*** GIVEN INFORMATION ***

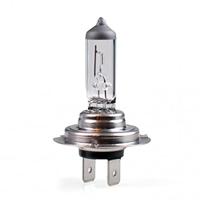 Hallogeenlamp M-Tech Z7 H7 12V 55W PX26D - thumbnail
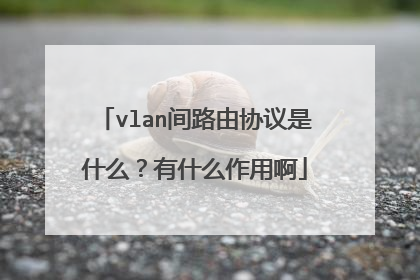vlan间路由协议是什么?有什么作用啊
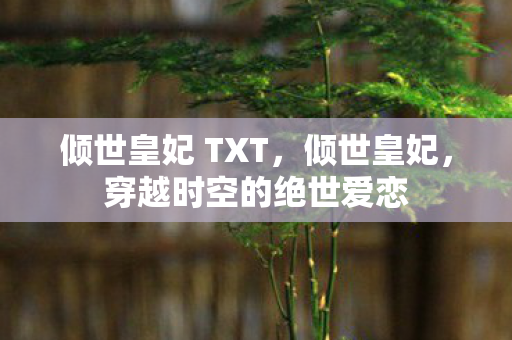 倾世皇妃 TXT，倾世皇妃，穿越时空的绝世爱恋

*** End of GIVEN INFORMATION ***

# PROBLEM REQUIREMENTS:
Return the data above in its exact wording, with none of the pictures.

# PROBLEM SOLUTION:
 Hallogeenlamp M-Tech Z7 H7 12V 55W PX26D - thumbnail
vlan间路由协议是什么?有什么作用啊
 倾世皇妃 TXT，倾世皇妃，穿越时空的绝世爱恋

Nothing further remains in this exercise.